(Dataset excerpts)

[Start of Attachment]

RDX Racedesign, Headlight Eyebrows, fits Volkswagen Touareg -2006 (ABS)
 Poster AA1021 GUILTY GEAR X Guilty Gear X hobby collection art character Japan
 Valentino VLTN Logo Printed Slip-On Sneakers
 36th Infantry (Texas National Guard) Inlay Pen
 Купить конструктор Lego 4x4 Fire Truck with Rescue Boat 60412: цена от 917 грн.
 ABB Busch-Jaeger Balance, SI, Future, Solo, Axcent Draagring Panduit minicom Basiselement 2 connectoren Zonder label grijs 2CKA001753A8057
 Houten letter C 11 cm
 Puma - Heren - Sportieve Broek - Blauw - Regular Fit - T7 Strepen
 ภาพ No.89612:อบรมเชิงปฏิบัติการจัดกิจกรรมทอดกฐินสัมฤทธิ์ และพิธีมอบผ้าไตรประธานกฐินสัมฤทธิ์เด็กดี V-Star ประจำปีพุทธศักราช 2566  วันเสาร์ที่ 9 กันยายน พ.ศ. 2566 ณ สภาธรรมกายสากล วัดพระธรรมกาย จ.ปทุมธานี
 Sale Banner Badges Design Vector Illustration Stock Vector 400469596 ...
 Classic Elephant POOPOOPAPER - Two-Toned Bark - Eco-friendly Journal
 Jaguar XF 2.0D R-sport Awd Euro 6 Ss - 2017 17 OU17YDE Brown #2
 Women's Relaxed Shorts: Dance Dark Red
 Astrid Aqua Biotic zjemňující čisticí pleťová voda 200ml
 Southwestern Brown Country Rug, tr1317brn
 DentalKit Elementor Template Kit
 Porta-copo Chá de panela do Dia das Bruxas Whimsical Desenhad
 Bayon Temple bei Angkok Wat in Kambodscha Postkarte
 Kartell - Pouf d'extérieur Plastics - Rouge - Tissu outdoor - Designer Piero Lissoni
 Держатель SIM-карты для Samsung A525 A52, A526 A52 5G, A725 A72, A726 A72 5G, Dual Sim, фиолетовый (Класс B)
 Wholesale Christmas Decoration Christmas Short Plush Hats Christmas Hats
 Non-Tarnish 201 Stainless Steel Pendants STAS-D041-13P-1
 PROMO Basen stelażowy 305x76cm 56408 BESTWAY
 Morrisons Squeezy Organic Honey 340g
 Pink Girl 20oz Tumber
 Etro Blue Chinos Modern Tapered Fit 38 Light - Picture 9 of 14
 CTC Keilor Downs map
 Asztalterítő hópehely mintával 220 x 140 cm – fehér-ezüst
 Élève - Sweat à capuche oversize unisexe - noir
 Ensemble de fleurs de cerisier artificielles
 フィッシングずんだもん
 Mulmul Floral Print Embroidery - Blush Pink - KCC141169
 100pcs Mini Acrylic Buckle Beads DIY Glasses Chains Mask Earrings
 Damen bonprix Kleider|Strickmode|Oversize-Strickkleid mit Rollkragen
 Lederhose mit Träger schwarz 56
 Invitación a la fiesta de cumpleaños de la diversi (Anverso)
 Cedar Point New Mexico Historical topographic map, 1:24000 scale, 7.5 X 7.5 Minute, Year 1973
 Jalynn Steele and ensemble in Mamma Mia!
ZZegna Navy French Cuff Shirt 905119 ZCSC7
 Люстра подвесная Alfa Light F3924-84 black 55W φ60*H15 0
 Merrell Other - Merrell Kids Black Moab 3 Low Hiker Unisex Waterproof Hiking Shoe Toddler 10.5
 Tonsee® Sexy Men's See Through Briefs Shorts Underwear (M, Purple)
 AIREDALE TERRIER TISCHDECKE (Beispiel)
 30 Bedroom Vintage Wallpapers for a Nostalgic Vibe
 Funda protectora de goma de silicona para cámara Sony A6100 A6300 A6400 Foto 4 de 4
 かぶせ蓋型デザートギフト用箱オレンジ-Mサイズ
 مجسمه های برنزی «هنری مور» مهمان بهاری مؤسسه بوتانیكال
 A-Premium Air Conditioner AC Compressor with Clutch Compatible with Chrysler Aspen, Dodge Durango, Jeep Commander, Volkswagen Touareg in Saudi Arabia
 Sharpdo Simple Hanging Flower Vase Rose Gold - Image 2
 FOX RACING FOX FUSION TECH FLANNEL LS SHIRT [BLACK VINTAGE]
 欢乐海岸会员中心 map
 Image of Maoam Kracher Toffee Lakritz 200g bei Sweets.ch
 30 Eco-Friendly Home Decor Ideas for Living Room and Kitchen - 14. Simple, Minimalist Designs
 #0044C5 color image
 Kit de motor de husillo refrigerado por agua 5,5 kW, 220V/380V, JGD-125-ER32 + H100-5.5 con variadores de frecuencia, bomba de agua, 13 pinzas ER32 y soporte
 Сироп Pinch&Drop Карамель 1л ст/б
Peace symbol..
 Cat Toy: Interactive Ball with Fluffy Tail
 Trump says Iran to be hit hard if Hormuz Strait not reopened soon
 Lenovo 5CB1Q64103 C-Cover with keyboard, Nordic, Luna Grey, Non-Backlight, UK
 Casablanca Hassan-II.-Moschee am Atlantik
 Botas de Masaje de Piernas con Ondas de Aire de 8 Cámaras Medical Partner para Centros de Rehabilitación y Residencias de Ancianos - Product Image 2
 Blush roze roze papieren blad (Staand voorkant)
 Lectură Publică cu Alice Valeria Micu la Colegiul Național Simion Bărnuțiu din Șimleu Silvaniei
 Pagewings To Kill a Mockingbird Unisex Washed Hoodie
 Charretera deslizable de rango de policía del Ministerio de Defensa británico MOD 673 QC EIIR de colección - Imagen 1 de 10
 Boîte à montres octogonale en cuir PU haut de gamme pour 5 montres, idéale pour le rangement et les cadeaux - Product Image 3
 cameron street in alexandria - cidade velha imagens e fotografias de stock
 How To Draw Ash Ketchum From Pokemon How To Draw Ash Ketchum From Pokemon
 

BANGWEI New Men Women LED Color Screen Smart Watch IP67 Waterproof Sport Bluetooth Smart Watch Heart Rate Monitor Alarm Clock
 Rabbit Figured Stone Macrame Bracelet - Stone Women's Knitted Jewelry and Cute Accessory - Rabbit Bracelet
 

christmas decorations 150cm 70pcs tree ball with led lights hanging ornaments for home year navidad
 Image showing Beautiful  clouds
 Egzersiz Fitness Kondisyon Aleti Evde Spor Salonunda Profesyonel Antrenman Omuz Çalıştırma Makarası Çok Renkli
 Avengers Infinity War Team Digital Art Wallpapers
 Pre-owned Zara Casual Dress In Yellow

[End of Attachment]

**PROBLEM REQUIREMENTS:**
Could you return exactly the stretch of the data above that starts at the line with "ZZegna Navy French Cuff Shirt 905119 ZCSC7" and ends at the line with "Lectură Publică cu", both lines included?

**EXERCISE OUTPUT:**
ZZegna Navy French Cuff Shirt 905119 ZCSC7
 Люстра подвесная Alfa Light F3924-84 black 55W φ60*H15 0
 Merrell Other - Merrell Kids Black Moab 3 Low Hiker Unisex Waterproof Hiking Shoe Toddler 10.5
 Tonsee® Sexy Men's See Through Briefs Shorts Underwear (M, Purple)
 AIREDALE TERRIER TISCHDECKE (Beispiel)
 30 Bedroom Vintage Wallpapers for a Nostalgic Vibe
 Funda protectora de goma de silicona para cámara Sony A6100 A6300 A6400 Foto 4 de 4
 かぶせ蓋型デザートギフト用箱オレンジ-Mサイズ
 مجسمه های برنزی «هنری مور» مهمان بهاری مؤسسه بوتانیكال
 A-Premium Air Conditioner AC Compressor with Clutch Compatible with Chrysler Aspen, Dodge Durango, Jeep Commander, Volkswagen Touareg in Saudi Arabia
 Sharpdo Simple Hanging Flower Vase Rose Gold - Image 2
 FOX RACING FOX FUSION TECH FLANNEL LS SHIRT [BLACK VINTAGE]
 欢乐海岸会员中心 map
 Image of Maoam Kracher Toffee Lakritz 200g bei Sweets.ch
 30 Eco-Friendly Home Decor Ideas for Living Room and Kitchen - 14. Simple, Minimalist Designs
 #0044C5 color image
 Kit de motor de husillo refrigerado por agua 5,5 kW, 220V/380V, JGD-125-ER32 + H100-5.5 con variadores de frecuencia, bomba de agua, 13 pinzas ER32 y soporte
 Сироп Pinch&Drop Карамель 1л ст/б
Peace symbol..
 Cat Toy: Interactive Ball with Fluffy Tail
 Trump says Iran to be hit hard if Hormuz Strait not reopened soon
 Lenovo 5CB1Q64103 C-Cover with keyboard, Nordic, Luna Grey, Non-Backlight, UK
 Casablanca Hassan-II.-Moschee am Atlantik
 Botas de Masaje de Piernas con Ondas de Aire de 8 Cámaras Medical Partner para Centros de Rehabilitación y Residencias de Ancianos - Product Image 2
 Blush roze roze papieren blad (Staand voorkant)
 Lectură Publică cu Alice Valeria Micu la Colegiul Național Simion Bărnuțiu din Șimleu Silvaniei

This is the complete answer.